Blogger MysterLynch said...

Sounds cool. I look forward to it.

August 27, 2009  
Blogger Peter Rozovsky said...

Oh, cool. The crowd is beginning to assemble already!

August 27, 2009  
Blogger Uriah Robinson said...

Congrats on your moderation.

August 27, 2009  
Blogger Peter Rozovsky said...

Thanks. Better moderation than immoderation, I have always said.

August 27, 2009  
Blogger Ali Karim said...

VERY COOL PANEL, I'll be there, do you need any Gin????

;-)

Ali

August 27, 2009  
Blogger Peter Rozovsky said...

My practice is to abstain before tea time. Feel free to bring your own Gordon's, though. Just don't feed the panelists until after we're done.

August 27, 2009  
Blogger Gary Corby said...

I will indeed see you there, and looking forward to it.

Hope it goes well.

August 27, 2009  
Blogger Peter Rozovsky said...

All this, and it begins at a reasonable hour of the morning, too. I'll look forward to meeting you.

August 27, 2009  
Blogger Kiwicraig said...

sounds like a great panel Peter - hope you enjoy it. I was reading some interviews with authors and translators recently, and they were talking about how the skill of the translator can affect the book so very much.
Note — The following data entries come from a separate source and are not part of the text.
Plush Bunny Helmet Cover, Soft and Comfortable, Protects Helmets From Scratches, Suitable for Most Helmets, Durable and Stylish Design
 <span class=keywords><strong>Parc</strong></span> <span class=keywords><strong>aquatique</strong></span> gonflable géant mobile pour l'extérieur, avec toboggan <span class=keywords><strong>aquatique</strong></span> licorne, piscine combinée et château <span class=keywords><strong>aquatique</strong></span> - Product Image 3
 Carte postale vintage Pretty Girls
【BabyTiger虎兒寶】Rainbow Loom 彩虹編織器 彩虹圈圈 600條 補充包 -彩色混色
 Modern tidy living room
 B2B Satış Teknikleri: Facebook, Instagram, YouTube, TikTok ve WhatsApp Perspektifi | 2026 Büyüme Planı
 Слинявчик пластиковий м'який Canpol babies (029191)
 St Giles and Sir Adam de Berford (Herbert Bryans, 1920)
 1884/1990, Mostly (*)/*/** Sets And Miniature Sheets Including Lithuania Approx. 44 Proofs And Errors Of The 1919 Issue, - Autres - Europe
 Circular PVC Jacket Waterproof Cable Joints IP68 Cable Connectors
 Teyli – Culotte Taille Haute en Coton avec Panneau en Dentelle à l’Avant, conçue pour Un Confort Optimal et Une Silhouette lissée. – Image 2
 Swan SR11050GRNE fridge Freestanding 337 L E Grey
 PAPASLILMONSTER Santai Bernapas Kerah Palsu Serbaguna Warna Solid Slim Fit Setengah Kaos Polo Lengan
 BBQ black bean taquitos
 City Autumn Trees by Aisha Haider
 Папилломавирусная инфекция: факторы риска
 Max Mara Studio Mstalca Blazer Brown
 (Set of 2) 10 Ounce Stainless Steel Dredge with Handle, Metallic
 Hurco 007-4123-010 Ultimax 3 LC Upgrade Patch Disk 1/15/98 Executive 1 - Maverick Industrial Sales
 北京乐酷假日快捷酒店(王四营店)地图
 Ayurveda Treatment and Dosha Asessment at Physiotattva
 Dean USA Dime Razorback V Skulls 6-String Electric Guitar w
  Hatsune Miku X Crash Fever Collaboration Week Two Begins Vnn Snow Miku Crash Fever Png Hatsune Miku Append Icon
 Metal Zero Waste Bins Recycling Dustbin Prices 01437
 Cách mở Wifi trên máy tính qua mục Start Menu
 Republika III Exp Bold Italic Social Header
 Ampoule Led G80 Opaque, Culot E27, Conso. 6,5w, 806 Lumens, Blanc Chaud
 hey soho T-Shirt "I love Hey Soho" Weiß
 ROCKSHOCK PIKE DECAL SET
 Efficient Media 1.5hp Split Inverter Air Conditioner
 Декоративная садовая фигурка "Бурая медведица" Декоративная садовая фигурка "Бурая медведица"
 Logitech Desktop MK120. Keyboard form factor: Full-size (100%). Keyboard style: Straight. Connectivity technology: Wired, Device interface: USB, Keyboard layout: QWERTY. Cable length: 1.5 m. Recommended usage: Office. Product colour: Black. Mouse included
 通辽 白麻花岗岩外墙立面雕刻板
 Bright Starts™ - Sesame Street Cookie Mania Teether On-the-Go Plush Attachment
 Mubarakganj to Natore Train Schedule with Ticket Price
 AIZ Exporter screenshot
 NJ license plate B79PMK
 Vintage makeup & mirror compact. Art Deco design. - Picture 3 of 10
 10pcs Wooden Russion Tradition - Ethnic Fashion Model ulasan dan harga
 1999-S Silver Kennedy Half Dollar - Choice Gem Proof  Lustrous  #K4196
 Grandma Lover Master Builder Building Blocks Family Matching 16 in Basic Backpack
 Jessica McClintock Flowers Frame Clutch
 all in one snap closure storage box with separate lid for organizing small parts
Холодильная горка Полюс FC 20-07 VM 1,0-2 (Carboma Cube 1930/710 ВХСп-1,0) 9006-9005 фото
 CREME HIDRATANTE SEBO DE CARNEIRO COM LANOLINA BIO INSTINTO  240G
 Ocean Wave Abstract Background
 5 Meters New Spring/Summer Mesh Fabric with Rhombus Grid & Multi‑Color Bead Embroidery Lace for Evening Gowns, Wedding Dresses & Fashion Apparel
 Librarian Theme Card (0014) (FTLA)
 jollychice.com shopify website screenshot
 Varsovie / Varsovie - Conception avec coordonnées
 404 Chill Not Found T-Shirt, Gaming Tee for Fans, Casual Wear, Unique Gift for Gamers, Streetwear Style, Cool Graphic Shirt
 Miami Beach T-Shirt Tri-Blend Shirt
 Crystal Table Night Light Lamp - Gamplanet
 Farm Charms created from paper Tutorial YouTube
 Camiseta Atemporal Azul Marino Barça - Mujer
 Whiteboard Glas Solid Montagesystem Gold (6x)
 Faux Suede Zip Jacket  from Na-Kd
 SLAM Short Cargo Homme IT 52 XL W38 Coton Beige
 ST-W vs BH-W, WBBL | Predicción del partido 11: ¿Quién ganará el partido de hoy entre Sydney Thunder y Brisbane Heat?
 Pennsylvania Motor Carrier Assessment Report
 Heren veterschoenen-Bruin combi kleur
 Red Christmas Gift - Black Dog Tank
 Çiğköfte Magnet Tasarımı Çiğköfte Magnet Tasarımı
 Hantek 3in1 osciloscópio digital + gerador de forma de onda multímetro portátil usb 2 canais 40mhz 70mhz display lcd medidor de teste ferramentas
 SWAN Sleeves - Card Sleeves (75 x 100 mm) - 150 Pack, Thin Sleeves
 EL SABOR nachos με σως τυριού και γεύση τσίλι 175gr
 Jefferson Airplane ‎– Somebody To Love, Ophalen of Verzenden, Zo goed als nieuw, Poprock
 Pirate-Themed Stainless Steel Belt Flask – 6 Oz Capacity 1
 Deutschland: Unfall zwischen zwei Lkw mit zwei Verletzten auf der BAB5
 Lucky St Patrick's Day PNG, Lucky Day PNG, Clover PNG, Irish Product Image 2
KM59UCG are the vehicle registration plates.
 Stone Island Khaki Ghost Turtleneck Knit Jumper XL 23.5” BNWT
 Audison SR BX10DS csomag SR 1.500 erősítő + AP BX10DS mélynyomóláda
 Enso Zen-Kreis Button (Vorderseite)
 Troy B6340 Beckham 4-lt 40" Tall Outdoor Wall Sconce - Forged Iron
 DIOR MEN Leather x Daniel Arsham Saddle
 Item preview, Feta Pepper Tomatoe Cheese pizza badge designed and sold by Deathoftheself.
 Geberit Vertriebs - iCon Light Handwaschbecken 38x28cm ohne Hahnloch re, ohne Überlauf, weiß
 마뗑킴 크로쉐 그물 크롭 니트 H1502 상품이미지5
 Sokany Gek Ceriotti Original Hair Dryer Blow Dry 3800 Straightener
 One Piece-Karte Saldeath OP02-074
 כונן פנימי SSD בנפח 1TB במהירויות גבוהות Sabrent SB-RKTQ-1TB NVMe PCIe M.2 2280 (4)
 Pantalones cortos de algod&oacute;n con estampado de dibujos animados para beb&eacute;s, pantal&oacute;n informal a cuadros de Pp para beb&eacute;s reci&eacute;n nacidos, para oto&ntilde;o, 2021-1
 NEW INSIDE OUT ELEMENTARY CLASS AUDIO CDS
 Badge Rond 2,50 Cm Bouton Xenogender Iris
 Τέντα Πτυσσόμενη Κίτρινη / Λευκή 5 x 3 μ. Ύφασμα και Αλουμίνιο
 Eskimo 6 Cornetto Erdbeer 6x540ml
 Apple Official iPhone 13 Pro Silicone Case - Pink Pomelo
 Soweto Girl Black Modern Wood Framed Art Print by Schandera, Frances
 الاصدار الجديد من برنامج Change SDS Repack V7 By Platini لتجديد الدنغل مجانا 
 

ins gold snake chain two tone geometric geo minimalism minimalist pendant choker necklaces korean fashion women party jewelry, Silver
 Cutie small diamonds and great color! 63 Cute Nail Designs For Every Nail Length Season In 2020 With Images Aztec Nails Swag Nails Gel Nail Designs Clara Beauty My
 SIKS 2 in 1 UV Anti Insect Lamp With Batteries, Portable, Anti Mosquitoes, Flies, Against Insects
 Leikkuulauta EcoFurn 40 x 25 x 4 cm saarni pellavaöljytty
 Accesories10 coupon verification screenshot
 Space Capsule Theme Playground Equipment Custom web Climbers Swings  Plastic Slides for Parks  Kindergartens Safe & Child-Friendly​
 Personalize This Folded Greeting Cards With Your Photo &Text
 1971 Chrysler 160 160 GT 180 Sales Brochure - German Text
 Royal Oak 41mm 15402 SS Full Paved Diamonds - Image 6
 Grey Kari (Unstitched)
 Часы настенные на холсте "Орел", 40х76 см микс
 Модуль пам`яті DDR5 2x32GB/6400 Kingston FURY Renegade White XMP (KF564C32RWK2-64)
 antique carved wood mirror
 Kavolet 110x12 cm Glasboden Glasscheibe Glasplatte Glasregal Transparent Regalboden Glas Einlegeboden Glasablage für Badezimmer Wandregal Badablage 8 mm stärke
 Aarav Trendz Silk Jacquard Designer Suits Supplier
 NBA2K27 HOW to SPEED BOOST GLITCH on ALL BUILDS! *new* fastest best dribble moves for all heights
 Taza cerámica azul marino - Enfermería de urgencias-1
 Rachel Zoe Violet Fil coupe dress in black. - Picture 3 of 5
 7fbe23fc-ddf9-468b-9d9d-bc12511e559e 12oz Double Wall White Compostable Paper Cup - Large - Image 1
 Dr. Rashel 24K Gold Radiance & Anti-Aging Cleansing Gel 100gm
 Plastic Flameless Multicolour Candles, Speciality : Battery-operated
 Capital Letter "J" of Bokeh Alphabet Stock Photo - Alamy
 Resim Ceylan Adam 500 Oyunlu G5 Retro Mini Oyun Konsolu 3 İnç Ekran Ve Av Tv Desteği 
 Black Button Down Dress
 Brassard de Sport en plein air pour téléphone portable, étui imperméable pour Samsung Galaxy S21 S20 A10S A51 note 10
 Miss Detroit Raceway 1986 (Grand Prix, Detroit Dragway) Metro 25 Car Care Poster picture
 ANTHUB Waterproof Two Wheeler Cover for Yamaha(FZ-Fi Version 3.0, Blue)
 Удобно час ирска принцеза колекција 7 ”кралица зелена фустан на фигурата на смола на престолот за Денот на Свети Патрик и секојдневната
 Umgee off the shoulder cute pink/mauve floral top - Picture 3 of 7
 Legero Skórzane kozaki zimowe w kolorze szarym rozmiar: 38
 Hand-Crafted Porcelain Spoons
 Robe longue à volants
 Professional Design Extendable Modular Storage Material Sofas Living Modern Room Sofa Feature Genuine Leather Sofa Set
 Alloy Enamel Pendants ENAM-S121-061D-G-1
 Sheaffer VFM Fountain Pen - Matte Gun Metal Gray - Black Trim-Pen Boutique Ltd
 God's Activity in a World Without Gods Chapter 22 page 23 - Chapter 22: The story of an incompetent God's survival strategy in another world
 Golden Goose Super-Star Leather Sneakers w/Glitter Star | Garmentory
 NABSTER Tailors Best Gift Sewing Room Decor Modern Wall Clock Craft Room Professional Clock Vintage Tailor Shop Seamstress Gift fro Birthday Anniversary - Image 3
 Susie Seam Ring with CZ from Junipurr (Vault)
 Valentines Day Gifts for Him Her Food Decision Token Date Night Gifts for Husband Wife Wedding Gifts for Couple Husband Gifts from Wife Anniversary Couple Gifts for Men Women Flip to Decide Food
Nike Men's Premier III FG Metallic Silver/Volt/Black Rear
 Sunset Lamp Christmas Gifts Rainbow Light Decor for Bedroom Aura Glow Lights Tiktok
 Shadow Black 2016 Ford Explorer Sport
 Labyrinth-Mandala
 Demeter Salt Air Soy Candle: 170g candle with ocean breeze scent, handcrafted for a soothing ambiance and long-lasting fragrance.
Also, I recently interviewed Craig Russell (Scottish writer who made his name with the Hamburg-set Jan Fabel series, to such an extent some media thought he was a German with an Anglo pseudonym) - and he was talking about how he works with his translator to ensure humour and things like that make it through too... and how tough that can be.

Interesting stuff - have an awesome time. I'm jealous - hopefully I will make it to a Boucheron one day.

August 27, 2009  
Blogger Peter Rozovsky said...

I'd be interested in how Russell and his translator work together. Where can I find that interview? If it's on your site, I missed it.

I've interviewed authors, and I've interviewed translators, but never at the same time. I'll want to get my hands on any interviews that I can to increase my stock of questions.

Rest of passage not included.